## Task description:
Where does the string "Gift" occur in the entries below? Copy every line where it does.

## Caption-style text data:

________________________

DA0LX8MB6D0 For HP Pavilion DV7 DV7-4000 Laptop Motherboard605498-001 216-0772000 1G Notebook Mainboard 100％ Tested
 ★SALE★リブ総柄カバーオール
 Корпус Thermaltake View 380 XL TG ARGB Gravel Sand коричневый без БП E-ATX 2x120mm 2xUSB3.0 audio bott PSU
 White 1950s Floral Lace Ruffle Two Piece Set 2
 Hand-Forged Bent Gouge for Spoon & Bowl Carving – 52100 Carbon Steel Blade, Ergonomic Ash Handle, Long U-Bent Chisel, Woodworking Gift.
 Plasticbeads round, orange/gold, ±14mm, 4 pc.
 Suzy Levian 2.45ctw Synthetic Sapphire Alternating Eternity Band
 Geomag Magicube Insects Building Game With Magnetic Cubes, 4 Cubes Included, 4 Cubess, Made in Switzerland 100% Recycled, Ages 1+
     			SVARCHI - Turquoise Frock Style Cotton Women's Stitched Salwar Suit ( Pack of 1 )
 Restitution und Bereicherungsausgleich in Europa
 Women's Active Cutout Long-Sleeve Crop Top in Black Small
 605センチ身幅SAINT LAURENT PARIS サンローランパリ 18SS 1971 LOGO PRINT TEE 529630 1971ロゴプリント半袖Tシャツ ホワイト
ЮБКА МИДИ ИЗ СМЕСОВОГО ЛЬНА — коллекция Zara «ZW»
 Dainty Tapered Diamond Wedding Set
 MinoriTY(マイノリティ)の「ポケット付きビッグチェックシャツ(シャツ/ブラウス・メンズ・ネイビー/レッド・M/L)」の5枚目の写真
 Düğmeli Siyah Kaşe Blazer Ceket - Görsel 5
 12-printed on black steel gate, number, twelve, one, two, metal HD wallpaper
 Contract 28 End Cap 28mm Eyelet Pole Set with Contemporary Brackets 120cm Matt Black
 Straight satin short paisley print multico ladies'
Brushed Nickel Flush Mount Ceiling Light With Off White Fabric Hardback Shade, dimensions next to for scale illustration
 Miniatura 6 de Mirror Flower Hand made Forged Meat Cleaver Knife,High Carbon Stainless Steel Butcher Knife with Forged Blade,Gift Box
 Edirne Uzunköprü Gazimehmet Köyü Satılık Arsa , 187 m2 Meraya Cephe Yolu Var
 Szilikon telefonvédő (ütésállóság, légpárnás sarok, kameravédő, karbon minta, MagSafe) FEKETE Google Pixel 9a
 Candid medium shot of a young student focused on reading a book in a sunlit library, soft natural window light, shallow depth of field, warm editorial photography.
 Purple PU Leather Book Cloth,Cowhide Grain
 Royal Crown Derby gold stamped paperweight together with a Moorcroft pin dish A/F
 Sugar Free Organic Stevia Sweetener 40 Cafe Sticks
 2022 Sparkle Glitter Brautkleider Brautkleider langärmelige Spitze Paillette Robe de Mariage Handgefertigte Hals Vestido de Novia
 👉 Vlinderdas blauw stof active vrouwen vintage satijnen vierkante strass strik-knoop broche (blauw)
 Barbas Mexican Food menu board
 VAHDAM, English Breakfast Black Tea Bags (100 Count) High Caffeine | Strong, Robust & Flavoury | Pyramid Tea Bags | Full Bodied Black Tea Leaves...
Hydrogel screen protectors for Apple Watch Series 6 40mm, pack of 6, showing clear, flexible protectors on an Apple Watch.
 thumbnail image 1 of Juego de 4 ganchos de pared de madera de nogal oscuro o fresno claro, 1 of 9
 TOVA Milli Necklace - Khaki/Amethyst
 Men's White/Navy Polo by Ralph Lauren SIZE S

________________________

## Result for this task:
 Hand-Forged Bent Gouge for Spoon & Bowl Carving – 52100 Carbon Steel Blade, Ergonomic Ash Handle, Long U-Bent Chisel, Woodworking Gift.
 Miniatura 6 de Mirror Flower Hand made Forged Meat Cleaver Knife,High Carbon Stainless Steel Butcher Knife with Forged Blade,Gift Box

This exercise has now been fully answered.